When we struck our finishing positions, the world came rushing in at once. The crowd was roaring in a way I hadn’t heard before. My chest was heaving and I was hot after four minutes of non-stop action. There were so many cameras pointing at us and people were on their feet, but I could only pay attention to one person.
I beamed as Dom wrapped his arms around my waist and lifted me from the ice in a tight hug. No matter the results, we had given it our all. There were a couple of extra points we could have gotten with this or that, but we hadn’t left anything on the table. I could not have asked for a better skate. We had done everything we wanted to do.
Dom let out a whoop as he placed me back on the ice. “Wave,” I said, trying not to move my lips too much.
He looked as though the thought had never occurred to him. If it were possible, I smiled bigger. That had been part of the end of every single program since we had first been partnered together. Before that, even. When you were done, it was polite to bow or curtsey and wave. But he was so overwhelmed by what we had just accomplished that he hadn’t even considered it.

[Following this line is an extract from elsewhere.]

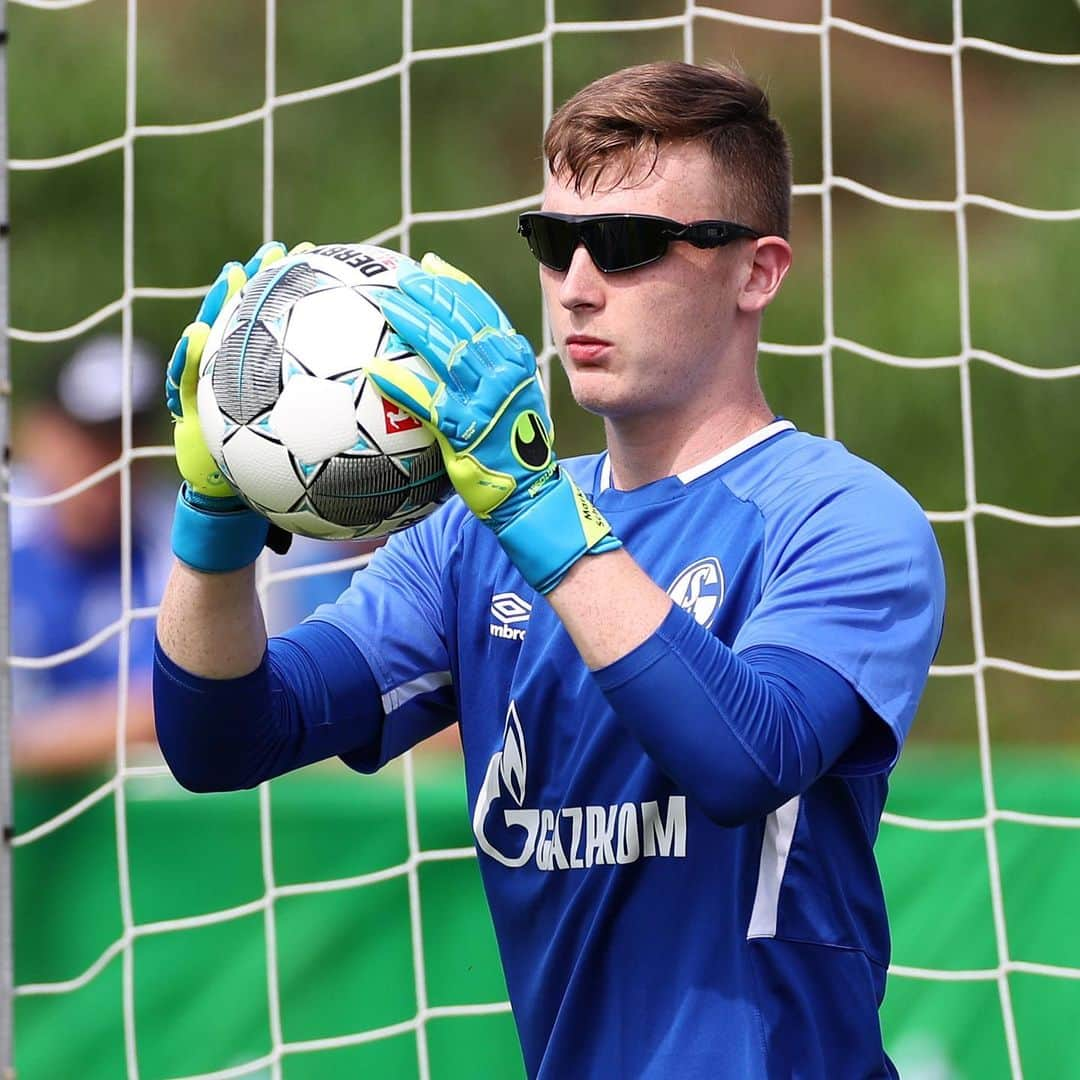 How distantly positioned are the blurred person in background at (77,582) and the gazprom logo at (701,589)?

As we got off the ice, Mark wrapped one arm around me and the other around Dom. He pulled us against him tightly, crushing me. He had tears in his eyes. “I think you did it,” he said. His voice wavered as he spoke. “That should be enough.”

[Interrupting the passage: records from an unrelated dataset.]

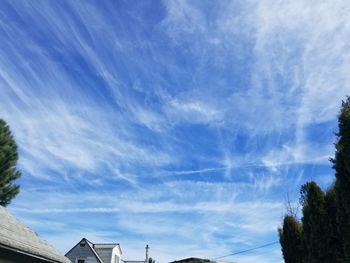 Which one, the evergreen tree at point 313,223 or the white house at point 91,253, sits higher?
the white house at point 91,253

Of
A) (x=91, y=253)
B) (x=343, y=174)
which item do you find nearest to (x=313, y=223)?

When he let me go, I was shocked to see how big the smile on Olga’s face was. “Magnificent,” she said.
That left me speechless. I wanted to find my family and our teammates in the crowd, but we were being ushered to the kiss and cry. I had to settle for waving in the direction I had seen the flag waving earlier. I hoped they could see.
I was aware of all the cameras that pointed at the bench in the kiss and cry, but I couldn’t think of anything to say to them. I didn’t want to speak to anyone at home right now. Everyone I wanted to talk to about our skate was right here with me. As the four of us crowded into the small space together, I clasped hands with Dom. I didn’t know who needed the emotional support more. “What are the other scores like?” I asked Olga.
She rattled off the current top three scores to what I presumed was the nearest full point. I hoped her memory was accurate. If it was, we had definitely clinched a silver medal. And, unless I was very much mistaken, there was a high chance that we had just won gold.
“Hazel Pierce and Dominic Hughes,” came the announcer’s voice and I froze. I didn’t dare breathe until he announced the numbers. “have earned in the free skate…”
The total of both our programs together would be read immediately after, followed by our placement, but I didn’t need to hear it. As soon as I heard the first number, I knew that we had done it. We had won gold.
I flung my arms around Dom’s neck as my eyes filled with happy tears. We had done it. We had actually done it. I buried my face in his neck and whispered, “We did it. We did it.”
The crowd roaring around us was nearly enough to drown out the whisper in my ear. "I love you." He spoke into my neck, so people watching couldn't read his lips. He pulled away just far enough to kiss my cheek.
I had the sudden urge to kiss him properly, but I shoved it back. Not here. Not when it would be broadcast to the world.But, as I beamed at Dom, our foreheads inches apart, it was clear he was thinking the same.